--- START ---

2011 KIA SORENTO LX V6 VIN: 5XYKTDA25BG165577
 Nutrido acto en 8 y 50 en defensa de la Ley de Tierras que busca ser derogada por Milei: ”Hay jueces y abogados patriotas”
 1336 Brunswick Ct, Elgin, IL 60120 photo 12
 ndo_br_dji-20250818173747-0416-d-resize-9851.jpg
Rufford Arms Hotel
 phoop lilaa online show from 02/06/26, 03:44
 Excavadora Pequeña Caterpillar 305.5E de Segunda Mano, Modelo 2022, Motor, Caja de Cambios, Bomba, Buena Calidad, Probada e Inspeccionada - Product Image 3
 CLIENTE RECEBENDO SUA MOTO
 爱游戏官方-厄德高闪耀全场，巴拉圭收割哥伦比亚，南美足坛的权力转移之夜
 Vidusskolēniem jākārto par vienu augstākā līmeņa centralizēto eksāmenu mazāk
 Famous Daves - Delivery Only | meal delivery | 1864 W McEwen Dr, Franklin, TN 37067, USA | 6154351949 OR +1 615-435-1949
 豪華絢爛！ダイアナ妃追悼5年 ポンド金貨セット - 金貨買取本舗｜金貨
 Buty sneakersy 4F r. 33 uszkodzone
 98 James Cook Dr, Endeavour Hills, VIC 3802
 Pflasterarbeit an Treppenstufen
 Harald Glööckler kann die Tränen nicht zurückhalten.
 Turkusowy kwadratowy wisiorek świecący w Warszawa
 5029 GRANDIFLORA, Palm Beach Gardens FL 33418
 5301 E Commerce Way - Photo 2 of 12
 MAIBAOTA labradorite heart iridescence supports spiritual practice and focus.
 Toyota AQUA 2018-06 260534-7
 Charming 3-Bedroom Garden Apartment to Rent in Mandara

--- END ---

* **Problem details**:
Write the lines out again exactly, from the one containing "Rufford Arms Hotel" through the last line of the records, and include no other lines.

* **Answer to the problem**:
Rufford Arms Hotel
 phoop lilaa online show from 02/06/26, 03:44
 Excavadora Pequeña Caterpillar 305.5E de Segunda Mano, Modelo 2022, Motor, Caja de Cambios, Bomba, Buena Calidad, Probada e Inspeccionada - Product Image 3
 CLIENTE RECEBENDO SUA MOTO
 爱游戏官方-厄德高闪耀全场，巴拉圭收割哥伦比亚，南美足坛的权力转移之夜
 Vidusskolēniem jākārto par vienu augstākā līmeņa centralizēto eksāmenu mazāk
 Famous Daves - Delivery Only | meal delivery | 1864 W McEwen Dr, Franklin, TN 37067, USA | 6154351949 OR +1 615-435-1949
 豪華絢爛！ダイアナ妃追悼5年 ポンド金貨セット - 金貨買取本舗｜金貨
 Buty sneakersy 4F r. 33 uszkodzone
 98 James Cook Dr, Endeavour Hills, VIC 3802
 Pflasterarbeit an Treppenstufen
 Harald Glööckler kann die Tränen nicht zurückhalten.
 Turkusowy kwadratowy wisiorek świecący w Warszawa
 5029 GRANDIFLORA, Palm Beach Gardens FL 33418
 5301 E Commerce Way - Photo 2 of 12
 MAIBAOTA labradorite heart iridescence supports spiritual practice and focus.
 Toyota AQUA 2018-06 260534-7
 Charming 3-Bedroom Garden Apartment to Rent in Mandara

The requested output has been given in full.